Muda, imut, bersuara emas dan kaya. Hari ini Justin Beiber sudah mendarat di Jakarta. Dan besok dia akan membuat beberapa remaja puteri pingsan karena terlalu exicited di konsernya di Sentul International Convention. Itu berkaca dari penjualan tiket yang diantri ribuan orang. Seakan dunia kiamat kalau tidak ikut nonton konser Justin Beiber.
Itulah kehebatan kapitalisme. Lihai menciptakan kebutuhan “ecek-ecek” dari psikologis manusia. Sebetulnya gak apa juga kalau tidak ikut nonton Justin. Apalagi cukup puas menikmati penampilannya di Youtube. Tapi ditatanan pergaulan kaum muda saat ini Justin Beiber adalah simbol diri mereka. Jadi kalau gak ikutan nonton namanya ketinggalan jaman. Wajarlah kalau akhirnya mereka menyemut tempat penjualan tiket.
Ekonomi Kapitalisme vs Syariah
Saya tidak skeptis jika ada golongan yang mau mengembangkan model ekonomi syariah. Cuma ragu pada keampuhan langkah-langkah yang diterapkan. Kapitalisme sangat tahu medan maka berjaya saat ini. Apakah cukup dengan menyentuh dasar-dasar keimanan lantas orang ramai-ramai pindah pada sistem ekonomi syariah? Sementara kapitalisme bekerjada dari dasar emosi paling manusiawi: Keserakahan dan mementingkan diri sendiri?
Kapitalisme tidak menjanjikan surga.
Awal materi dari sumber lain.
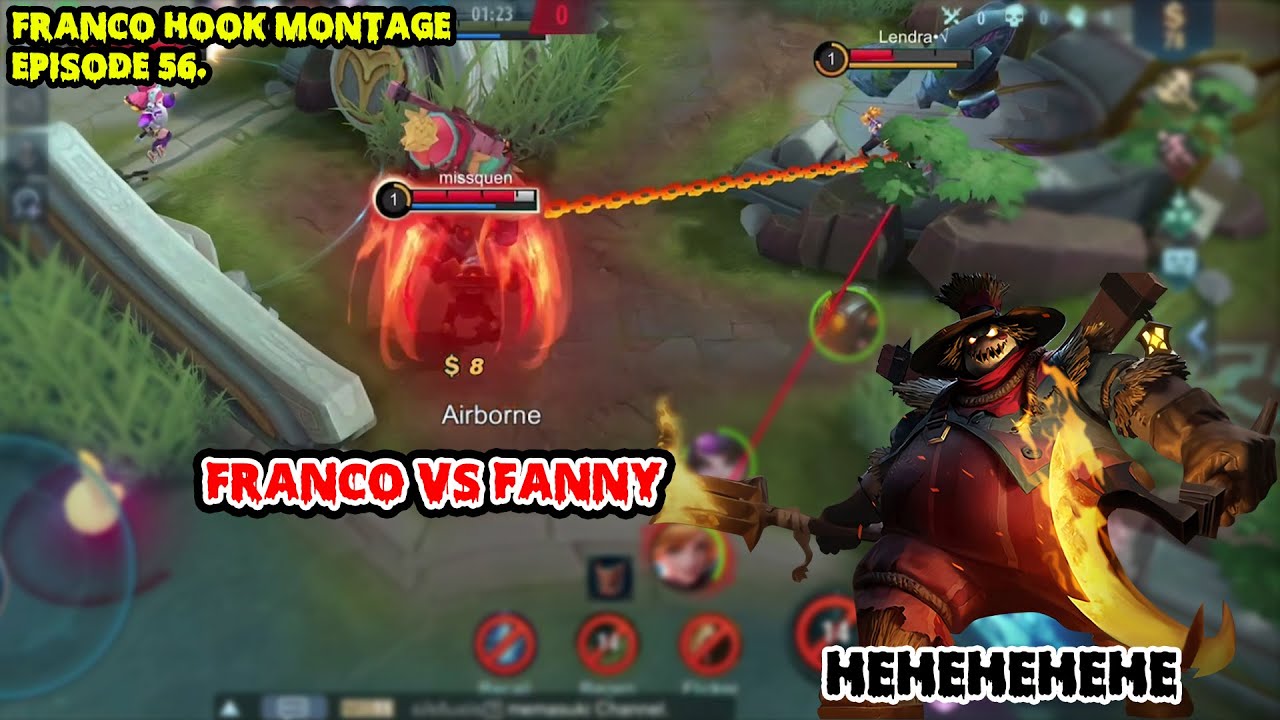 FRANCO HOOK MONTAGE EPS. 56 I FRANCO VS FANNY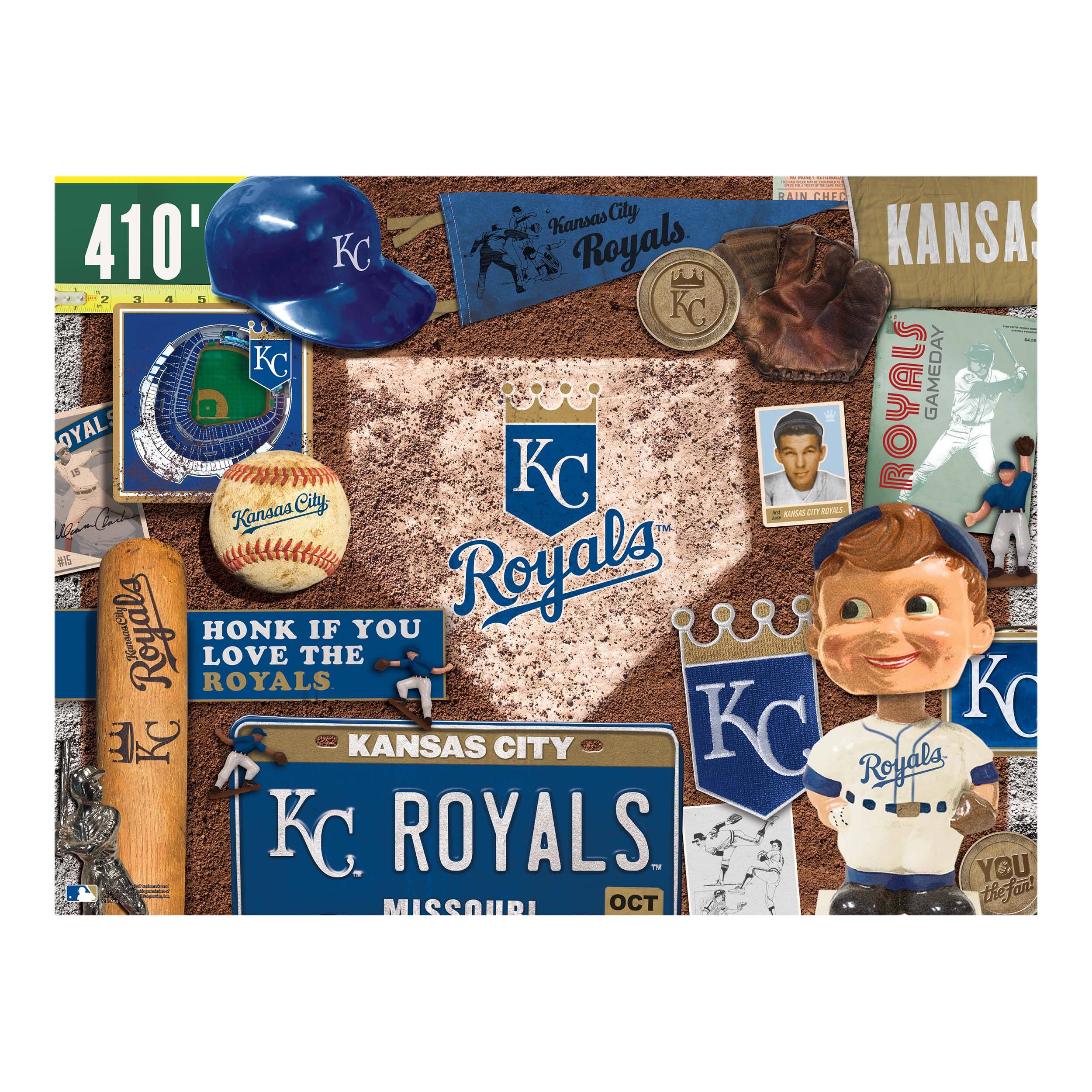 MLB Baseball Retro Series 500 Piece Puzzle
Dia tidak pula memberi nilai apakah sebagai pelaku ekonomi kamu pantas disebut orang beriman. Sistem ekonomi ini bergerak dari sisi paling praktis: seberapa banyak berproduksi, seberapa nilai tambah yang diberikan maka disitulah hargamu. Semakin pandai engkau memoles nilai tambahmu semakin tinggi nilaimu.
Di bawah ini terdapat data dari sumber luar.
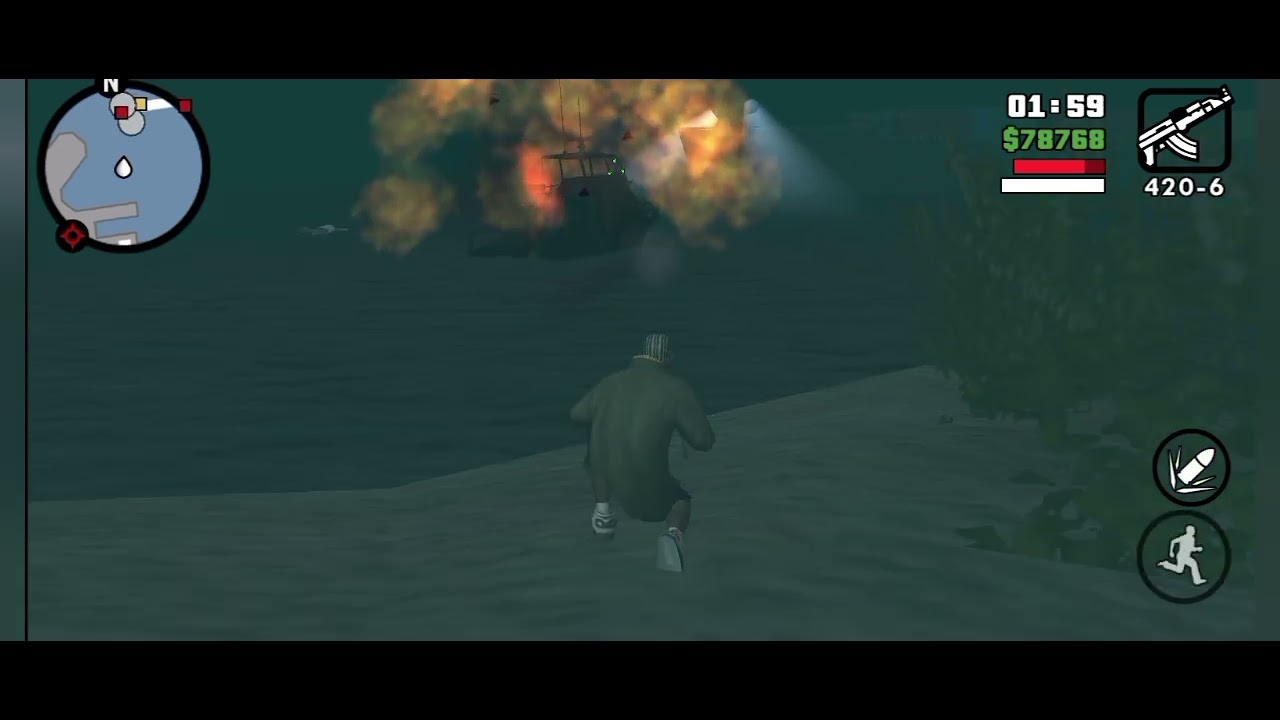 GTA San Andreas Mission 54 – Amphibious Assault 🚤🪖 | Watch Till the End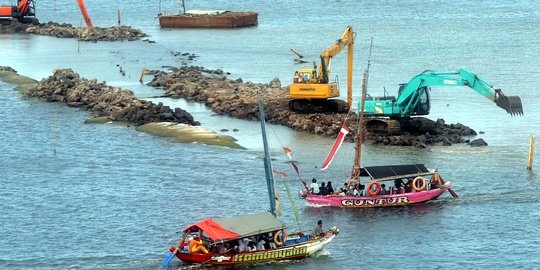 Soal reklamasi Teluk Jakarta dinilai perlu ada penyesuaian kebijakan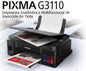 Impresora de Tinta Continua CANON PIXMA G3110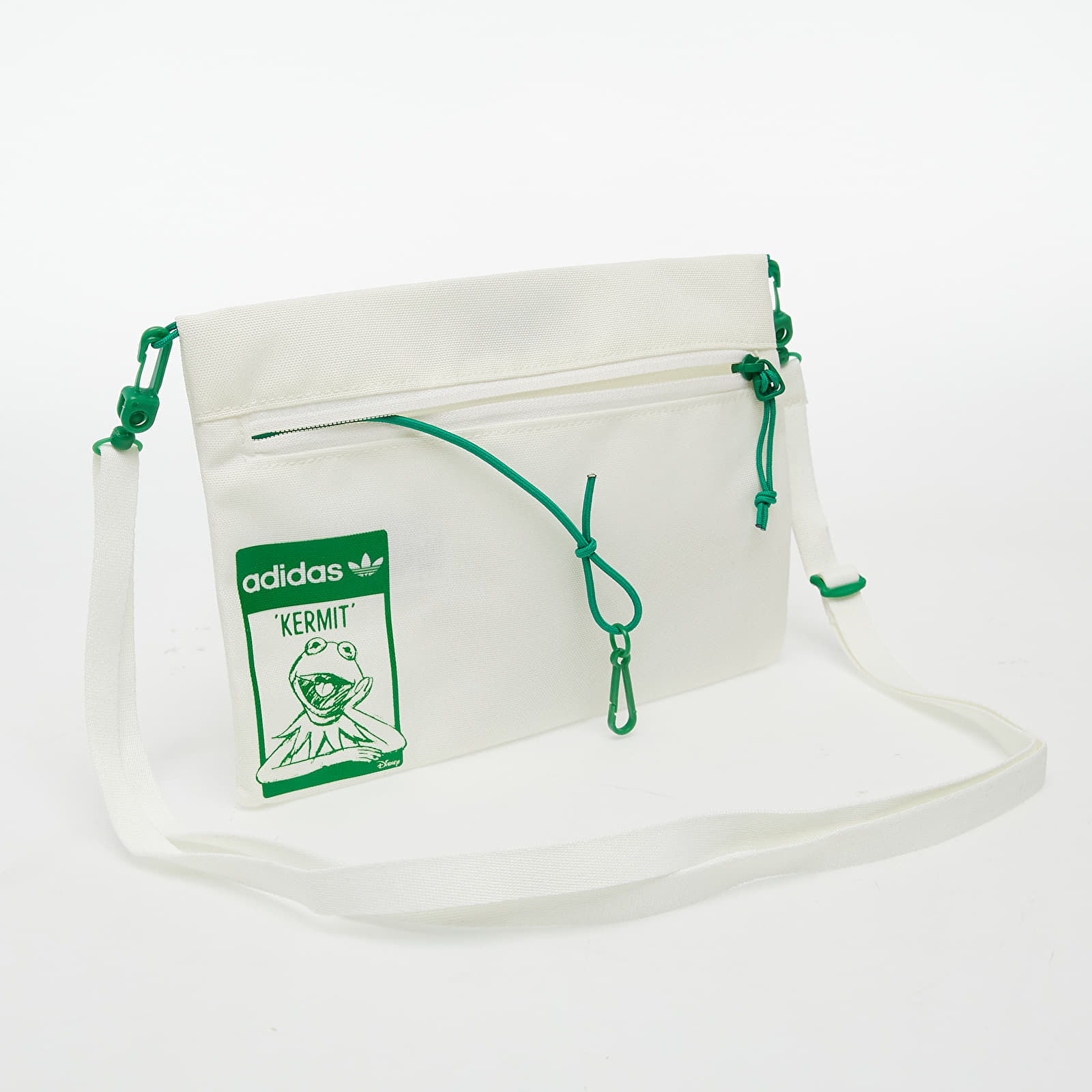 Torbe & ruksaci adidas Kermit Pouch Shoulder Bag Core White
Sukses Justine Beiber Karena Kerja Keras
Saya pikir itulah sebab mengapa Justin Beiber begitu merasuk kepala para remaja seluruh dunia. Sukses Justin tidak terletak pada wajah imutnya. Banyak penyanyi remaja lebih imut darinya. Tidak juga terletak pada suaranya atau cara dia menari. Yang mengungguli Justin Beiber tak sedikit. Justin itu sukses karena tim yang bekerja dibelakangnya. Mereka berhasil membangun dan memoles citra sehingga Justin melambung ke langit seperti sekarang. Justin telah diberi nilai tambah lewat kerja manajemen yang profesional, jaringan dan pemanfaatan media secara seksama.
Didalam manajemen ini pasti terdapat juga tim marketing yang bekerja untuk memahami fenomena dalam masyarakat. Apa yang tengah trend, apa yang menjadi keinginan, apa yang membuat orang merasa nilai diri mereka ikut terangkat jika bersentuhan dengan Justin. Dukungan ratusan data ini kemudian disederhanakan kedalam citra yang lalu disematkan pada remaja berambut poni ini.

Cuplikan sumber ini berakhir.